В профкоме института мне дали адрес, подсказали, как легче всего найти местоположение этого жилья, и вскоре после этого мы с женой отправились туда, чтобы увидеть его своими глазами. Оно располагалось в Старом городе в районе Сибзара. Наш путь пролегал по узбекской «махалля» (тогда так назывались кварталы города с преимущественно коренным населением), которая полностью сохранилась в том виде, который она имела в момент своего возникновения.

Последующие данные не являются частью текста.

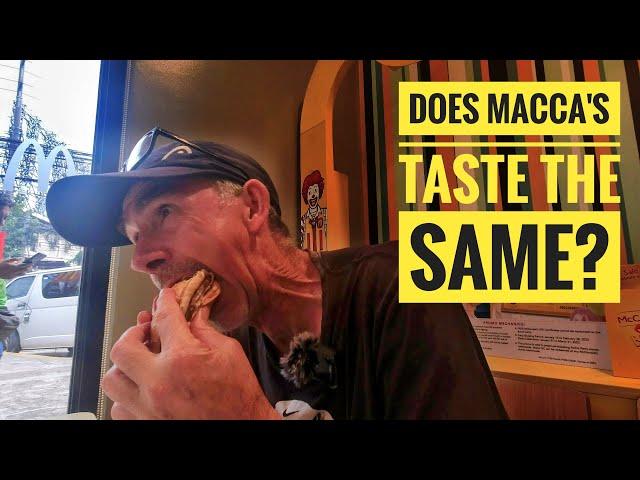 Does Macca's Taste the same in the Philippines? 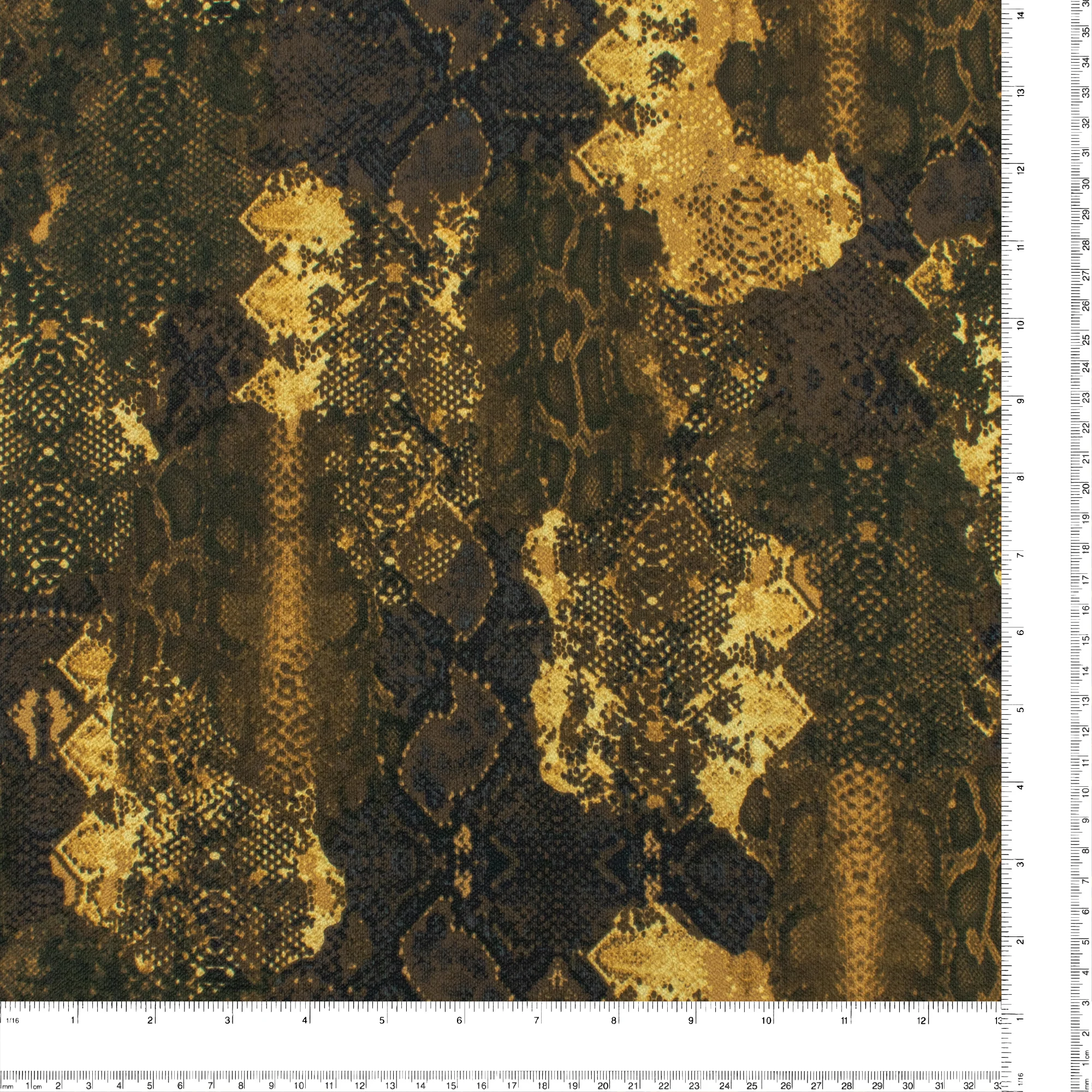 Printed Crepe - ROTTERDAM - 005 - Green - Image 3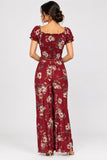C-Mode 2-piece Burgundy Pant Set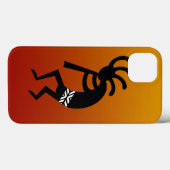 Southwest Design Dancing Kokopelli iPad Case (Achterkant (horizontaal))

Моя память услужливо возвратила меня во времена моего детства. Я родился в Ташкенте в 1938 году, причем в роддоме на Тахтапуле, то есть в непосредственной близости от того места, по которому мы сейчас шествовали с моей женой, а после своего рождения и до начала Великой Отечественной войны я жил тоже относительно недалеко по прямой от этого места — на площади Хадра, поэтому все вокруг меня было мне очень и очень знакомо и близко по духу.
В годы моего детства мне посчастливилось увидеть весьма много архаичного: булыжные мостовые, на обочинах которых всегда было много пыли, причем настолько много, что она доходила обычно до щиколоток наших мальчишеских ног. По улицам ездили арбы на высоких колесах, то и дело попадались вереницы верблюдов, навьюченных мешками, встречались конные повозки и верховые лошади, на которых восседали всадники, еще больше на улицах было небольших повозок с запряженными в них ишаками, да и людей, едущих верхом на ишаках, тоже было немало.
Облик горожан также чрезвычайно сильно отличался от того, что можно было увидеть в описываемые мной шестидесятые годы. Перед войной все еще можно было увидеть местных женщин, облаченных в паранджу, мужчины были преимущественно одеты в чапаны (стеганые халаты), перетянутые в талии поясными платками. У них на боку обычно висел национальный нож — пичок, особенно прославленными были чустские ножи. На головах у мужчин были дуппи — тюбитейки, но некоторые пожилые узбеки тогда носили на голове чалму. На ногах у мужчин были, как правило, ичиги, мягкие кожаные сапоги на мягкой кожаной подошве, которые они носили вместе с каушами (калошами).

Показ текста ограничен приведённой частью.